> WHAT THE TASK ASKS: Return exactly those lines of the material below that fall between the line holding "Herb Pharm Eleuthero" and the line holding "Volkswagen Car Key", inclusive.

> RECORDED INFORMATION:
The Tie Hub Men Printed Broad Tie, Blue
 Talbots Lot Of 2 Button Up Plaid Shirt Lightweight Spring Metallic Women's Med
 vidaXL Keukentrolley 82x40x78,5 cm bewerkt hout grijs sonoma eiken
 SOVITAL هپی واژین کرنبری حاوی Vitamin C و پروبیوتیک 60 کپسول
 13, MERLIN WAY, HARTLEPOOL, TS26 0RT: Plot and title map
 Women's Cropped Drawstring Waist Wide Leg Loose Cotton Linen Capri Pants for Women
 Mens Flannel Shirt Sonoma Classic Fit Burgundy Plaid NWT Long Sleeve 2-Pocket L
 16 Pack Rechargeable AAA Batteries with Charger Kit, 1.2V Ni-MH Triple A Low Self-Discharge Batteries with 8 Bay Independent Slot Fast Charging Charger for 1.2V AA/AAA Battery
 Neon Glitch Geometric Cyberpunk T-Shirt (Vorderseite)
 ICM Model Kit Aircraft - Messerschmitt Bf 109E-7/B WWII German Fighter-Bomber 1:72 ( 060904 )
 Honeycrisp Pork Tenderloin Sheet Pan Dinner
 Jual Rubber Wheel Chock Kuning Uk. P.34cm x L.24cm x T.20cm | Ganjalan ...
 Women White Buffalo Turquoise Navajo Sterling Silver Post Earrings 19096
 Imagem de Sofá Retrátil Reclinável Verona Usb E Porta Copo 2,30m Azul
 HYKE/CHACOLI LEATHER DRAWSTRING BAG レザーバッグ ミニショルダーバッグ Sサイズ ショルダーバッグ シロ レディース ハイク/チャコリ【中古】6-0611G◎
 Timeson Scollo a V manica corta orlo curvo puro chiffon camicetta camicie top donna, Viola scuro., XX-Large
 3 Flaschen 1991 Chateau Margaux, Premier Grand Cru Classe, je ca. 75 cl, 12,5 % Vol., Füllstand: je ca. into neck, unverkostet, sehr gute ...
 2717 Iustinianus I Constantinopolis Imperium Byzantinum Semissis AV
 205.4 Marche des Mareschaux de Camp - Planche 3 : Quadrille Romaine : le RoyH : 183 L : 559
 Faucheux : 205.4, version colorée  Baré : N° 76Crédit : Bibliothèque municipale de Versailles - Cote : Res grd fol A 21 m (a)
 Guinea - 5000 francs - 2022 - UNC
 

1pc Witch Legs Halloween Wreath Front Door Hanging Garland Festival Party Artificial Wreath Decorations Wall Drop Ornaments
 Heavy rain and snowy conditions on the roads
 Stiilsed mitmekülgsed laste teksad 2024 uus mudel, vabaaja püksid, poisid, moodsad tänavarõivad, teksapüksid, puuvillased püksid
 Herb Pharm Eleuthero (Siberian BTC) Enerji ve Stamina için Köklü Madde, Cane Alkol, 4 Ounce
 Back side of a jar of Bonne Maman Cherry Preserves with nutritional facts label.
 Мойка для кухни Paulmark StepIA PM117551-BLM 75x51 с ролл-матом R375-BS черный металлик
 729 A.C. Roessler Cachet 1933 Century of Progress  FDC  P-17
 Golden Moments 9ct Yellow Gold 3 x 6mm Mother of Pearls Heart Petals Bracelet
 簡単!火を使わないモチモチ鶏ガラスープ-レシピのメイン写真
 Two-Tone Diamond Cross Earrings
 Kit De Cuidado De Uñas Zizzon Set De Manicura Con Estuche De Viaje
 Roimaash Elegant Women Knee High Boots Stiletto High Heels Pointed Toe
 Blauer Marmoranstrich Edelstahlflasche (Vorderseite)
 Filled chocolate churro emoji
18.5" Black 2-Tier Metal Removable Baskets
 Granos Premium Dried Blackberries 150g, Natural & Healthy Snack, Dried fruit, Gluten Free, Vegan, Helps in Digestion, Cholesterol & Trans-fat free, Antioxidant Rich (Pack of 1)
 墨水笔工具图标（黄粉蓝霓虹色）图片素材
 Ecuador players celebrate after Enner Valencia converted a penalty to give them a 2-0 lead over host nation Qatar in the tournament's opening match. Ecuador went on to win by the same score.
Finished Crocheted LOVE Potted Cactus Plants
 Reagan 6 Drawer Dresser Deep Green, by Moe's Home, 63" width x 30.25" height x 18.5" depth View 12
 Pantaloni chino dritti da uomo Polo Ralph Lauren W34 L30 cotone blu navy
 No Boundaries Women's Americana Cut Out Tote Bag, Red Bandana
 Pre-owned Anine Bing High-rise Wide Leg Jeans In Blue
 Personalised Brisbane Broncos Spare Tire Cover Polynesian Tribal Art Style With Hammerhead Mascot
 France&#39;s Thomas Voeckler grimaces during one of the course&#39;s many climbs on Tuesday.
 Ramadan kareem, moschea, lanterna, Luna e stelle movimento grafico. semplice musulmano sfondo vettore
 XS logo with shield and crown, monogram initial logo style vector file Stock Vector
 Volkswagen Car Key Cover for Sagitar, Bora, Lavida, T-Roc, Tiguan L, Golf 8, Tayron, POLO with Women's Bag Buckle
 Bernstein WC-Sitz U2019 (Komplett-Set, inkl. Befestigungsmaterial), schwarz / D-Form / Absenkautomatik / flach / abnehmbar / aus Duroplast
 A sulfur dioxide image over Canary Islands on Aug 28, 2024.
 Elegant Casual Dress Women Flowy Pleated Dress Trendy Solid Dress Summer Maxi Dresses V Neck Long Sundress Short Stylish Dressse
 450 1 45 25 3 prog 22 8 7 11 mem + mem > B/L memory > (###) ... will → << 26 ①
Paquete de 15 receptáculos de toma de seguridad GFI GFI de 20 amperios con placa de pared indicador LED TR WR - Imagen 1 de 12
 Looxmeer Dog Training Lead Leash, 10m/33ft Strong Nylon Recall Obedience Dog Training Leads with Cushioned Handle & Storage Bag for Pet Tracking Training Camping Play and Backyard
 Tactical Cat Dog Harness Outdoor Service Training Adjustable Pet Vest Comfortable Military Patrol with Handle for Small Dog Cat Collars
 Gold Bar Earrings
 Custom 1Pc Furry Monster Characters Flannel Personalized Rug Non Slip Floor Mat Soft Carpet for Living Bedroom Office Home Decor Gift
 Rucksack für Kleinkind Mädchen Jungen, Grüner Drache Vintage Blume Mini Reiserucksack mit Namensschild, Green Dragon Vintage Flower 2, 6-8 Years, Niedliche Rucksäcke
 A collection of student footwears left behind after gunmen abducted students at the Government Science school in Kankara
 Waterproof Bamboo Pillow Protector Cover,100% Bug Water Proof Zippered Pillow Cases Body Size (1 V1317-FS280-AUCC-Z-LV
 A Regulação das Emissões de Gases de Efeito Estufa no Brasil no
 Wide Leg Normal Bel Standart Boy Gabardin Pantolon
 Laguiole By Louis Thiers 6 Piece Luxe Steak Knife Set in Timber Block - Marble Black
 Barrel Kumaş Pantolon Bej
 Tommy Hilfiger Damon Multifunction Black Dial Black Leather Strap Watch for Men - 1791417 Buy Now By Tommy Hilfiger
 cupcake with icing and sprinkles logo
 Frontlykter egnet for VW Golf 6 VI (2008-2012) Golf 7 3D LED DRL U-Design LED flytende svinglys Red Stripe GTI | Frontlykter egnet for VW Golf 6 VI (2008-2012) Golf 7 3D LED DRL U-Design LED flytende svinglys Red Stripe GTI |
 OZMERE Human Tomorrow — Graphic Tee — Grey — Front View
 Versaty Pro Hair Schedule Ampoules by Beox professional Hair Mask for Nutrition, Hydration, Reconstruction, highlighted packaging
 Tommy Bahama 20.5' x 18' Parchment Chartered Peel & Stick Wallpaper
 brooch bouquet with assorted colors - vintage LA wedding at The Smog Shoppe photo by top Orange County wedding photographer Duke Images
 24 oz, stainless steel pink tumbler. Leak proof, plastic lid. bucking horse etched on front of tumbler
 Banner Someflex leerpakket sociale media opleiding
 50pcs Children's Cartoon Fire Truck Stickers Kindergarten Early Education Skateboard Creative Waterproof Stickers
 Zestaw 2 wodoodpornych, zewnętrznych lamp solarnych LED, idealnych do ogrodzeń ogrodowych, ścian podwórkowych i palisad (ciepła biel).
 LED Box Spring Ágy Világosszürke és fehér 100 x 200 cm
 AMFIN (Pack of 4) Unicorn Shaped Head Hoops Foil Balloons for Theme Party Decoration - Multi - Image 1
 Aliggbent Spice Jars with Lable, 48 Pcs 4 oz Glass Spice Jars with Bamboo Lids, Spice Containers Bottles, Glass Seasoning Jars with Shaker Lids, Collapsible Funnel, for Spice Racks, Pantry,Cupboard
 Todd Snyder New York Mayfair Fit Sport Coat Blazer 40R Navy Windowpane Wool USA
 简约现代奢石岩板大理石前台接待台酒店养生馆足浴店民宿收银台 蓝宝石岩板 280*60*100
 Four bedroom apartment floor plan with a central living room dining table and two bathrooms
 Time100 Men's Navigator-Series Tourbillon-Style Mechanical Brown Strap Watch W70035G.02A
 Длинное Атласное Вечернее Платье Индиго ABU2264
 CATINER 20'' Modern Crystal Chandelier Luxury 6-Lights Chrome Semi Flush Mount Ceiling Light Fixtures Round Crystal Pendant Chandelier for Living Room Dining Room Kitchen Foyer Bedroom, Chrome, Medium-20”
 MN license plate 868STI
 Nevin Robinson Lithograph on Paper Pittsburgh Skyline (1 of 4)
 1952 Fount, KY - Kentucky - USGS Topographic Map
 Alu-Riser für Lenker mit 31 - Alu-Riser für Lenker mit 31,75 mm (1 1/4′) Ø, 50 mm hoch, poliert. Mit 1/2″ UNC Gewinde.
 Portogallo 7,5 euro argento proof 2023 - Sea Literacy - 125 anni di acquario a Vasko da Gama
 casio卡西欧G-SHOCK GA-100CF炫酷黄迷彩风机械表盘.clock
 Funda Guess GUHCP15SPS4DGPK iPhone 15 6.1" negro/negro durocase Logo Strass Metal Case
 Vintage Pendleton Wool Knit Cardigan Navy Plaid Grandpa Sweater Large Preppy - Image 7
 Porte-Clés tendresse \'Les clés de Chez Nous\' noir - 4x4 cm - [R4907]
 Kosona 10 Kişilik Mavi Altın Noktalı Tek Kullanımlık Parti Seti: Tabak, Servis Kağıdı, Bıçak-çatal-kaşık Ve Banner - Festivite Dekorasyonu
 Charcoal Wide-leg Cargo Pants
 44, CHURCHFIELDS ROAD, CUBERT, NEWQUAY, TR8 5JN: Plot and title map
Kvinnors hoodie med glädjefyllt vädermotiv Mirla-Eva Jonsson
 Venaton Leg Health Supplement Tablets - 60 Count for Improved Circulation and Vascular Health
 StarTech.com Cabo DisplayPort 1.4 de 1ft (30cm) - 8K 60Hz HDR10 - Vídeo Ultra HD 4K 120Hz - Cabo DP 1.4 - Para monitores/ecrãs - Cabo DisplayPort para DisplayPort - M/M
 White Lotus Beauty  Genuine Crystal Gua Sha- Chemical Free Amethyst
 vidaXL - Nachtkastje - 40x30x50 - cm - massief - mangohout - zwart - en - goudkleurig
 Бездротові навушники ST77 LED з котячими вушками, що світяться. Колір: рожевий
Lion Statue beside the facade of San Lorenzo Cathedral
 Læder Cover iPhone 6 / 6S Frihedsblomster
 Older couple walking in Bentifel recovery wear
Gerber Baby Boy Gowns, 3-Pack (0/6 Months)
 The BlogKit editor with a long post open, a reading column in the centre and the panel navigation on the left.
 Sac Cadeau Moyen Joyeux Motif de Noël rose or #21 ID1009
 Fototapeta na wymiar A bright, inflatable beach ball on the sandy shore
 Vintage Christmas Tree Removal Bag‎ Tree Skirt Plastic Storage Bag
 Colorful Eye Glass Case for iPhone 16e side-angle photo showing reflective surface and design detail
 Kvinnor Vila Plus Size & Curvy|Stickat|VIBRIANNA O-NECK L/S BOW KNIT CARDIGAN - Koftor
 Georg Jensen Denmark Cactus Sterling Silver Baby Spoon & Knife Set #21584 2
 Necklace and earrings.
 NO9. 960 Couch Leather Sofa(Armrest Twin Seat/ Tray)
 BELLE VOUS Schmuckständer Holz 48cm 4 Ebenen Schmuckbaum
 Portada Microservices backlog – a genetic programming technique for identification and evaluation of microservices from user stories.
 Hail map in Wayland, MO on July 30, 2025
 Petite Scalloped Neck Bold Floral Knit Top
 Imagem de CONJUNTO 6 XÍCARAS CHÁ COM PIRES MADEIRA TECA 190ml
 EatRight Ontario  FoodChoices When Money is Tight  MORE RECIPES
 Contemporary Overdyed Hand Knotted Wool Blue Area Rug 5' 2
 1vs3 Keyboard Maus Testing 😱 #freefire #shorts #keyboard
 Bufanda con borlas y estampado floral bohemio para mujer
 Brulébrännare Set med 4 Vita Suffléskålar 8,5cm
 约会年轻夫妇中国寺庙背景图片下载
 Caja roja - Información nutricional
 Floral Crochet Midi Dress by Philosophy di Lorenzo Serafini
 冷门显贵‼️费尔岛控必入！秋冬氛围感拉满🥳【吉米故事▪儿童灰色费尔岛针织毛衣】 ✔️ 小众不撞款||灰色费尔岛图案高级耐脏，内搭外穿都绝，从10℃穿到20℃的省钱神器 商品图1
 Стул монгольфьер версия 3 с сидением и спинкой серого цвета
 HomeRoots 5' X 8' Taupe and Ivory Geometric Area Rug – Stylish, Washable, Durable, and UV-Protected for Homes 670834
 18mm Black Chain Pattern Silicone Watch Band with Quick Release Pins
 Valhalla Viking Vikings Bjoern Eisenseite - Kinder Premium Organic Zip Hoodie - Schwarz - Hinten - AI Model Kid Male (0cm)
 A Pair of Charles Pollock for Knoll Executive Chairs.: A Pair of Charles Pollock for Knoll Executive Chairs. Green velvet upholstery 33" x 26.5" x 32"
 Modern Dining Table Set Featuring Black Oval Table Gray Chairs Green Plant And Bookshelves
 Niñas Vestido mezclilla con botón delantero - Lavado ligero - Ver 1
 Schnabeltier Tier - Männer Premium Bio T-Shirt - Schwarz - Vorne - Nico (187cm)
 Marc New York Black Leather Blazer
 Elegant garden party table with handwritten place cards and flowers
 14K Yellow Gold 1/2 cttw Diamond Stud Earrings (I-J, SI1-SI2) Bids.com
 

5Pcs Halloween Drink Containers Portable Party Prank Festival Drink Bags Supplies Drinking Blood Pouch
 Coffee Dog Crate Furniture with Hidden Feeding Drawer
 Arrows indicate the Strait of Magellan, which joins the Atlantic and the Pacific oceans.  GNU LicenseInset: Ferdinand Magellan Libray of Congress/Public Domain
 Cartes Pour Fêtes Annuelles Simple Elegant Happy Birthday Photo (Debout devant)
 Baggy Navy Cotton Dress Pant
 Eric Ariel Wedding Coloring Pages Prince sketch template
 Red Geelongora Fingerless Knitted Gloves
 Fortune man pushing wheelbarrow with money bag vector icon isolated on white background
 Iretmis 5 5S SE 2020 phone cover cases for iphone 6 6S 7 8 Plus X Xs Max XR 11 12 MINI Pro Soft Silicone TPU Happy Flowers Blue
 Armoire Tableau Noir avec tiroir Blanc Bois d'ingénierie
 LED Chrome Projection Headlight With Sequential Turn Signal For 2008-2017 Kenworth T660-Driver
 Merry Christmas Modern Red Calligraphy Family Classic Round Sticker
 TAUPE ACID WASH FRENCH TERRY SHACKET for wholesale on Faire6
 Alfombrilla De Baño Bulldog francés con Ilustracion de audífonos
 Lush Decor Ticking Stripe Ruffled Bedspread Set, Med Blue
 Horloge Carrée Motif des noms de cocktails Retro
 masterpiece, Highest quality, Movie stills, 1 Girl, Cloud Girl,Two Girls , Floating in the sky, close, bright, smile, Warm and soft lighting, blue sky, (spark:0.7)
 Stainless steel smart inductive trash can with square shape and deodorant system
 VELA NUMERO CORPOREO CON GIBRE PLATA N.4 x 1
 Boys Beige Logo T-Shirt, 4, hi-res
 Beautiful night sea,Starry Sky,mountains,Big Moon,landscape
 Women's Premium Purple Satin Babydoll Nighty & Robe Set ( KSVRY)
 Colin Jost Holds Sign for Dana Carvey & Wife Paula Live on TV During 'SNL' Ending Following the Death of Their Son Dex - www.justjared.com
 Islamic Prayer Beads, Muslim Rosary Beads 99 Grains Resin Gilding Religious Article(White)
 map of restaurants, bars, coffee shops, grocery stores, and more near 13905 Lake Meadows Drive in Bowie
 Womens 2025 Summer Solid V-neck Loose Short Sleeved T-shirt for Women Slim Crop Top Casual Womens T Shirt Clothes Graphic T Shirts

> TASK RESPONSE:
 Herb Pharm Eleuthero (Siberian BTC) Enerji ve Stamina için Köklü Madde, Cane Alkol, 4 Ounce
 Back side of a jar of Bonne Maman Cherry Preserves with nutritional facts label.
 Мойка для кухни Paulmark StepIA PM117551-BLM 75x51 с ролл-матом R375-BS черный металлик
 729 A.C. Roessler Cachet 1933 Century of Progress  FDC  P-17
 Golden Moments 9ct Yellow Gold 3 x 6mm Mother of Pearls Heart Petals Bracelet
 簡単!火を使わないモチモチ鶏ガラスープ-レシピのメイン写真
 Two-Tone Diamond Cross Earrings
 Kit De Cuidado De Uñas Zizzon Set De Manicura Con Estuche De Viaje
 Roimaash Elegant Women Knee High Boots Stiletto High Heels Pointed Toe
 Blauer Marmoranstrich Edelstahlflasche (Vorderseite)
 Filled chocolate churro emoji
18.5" Black 2-Tier Metal Removable Baskets
 Granos Premium Dried Blackberries 150g, Natural & Healthy Snack, Dried fruit, Gluten Free, Vegan, Helps in Digestion, Cholesterol & Trans-fat free, Antioxidant Rich (Pack of 1)
 墨水笔工具图标（黄粉蓝霓虹色）图片素材
 Ecuador players celebrate after Enner Valencia converted a penalty to give them a 2-0 lead over host nation Qatar in the tournament's opening match. Ecuador went on to win by the same score.
Finished Crocheted LOVE Potted Cactus Plants
 Reagan 6 Drawer Dresser Deep Green, by Moe's Home, 63" width x 30.25" height x 18.5" depth View 12
 Pantaloni chino dritti da uomo Polo Ralph Lauren W34 L30 cotone blu navy
 No Boundaries Women's Americana Cut Out Tote Bag, Red Bandana
 Pre-owned Anine Bing High-rise Wide Leg Jeans In Blue
 Personalised Brisbane Broncos Spare Tire Cover Polynesian Tribal Art Style With Hammerhead Mascot
 France&#39;s Thomas Voeckler grimaces during one of the course&#39;s many climbs on Tuesday.
 Ramadan kareem, moschea, lanterna, Luna e stelle movimento grafico. semplice musulmano sfondo vettore
 XS logo with shield and crown, monogram initial logo style vector file Stock Vector
 Volkswagen Car Key Cover for Sagitar, Bora, Lavida, T-Roc, Tiguan L, Golf 8, Tayron, POLO with Women's Bag Buckle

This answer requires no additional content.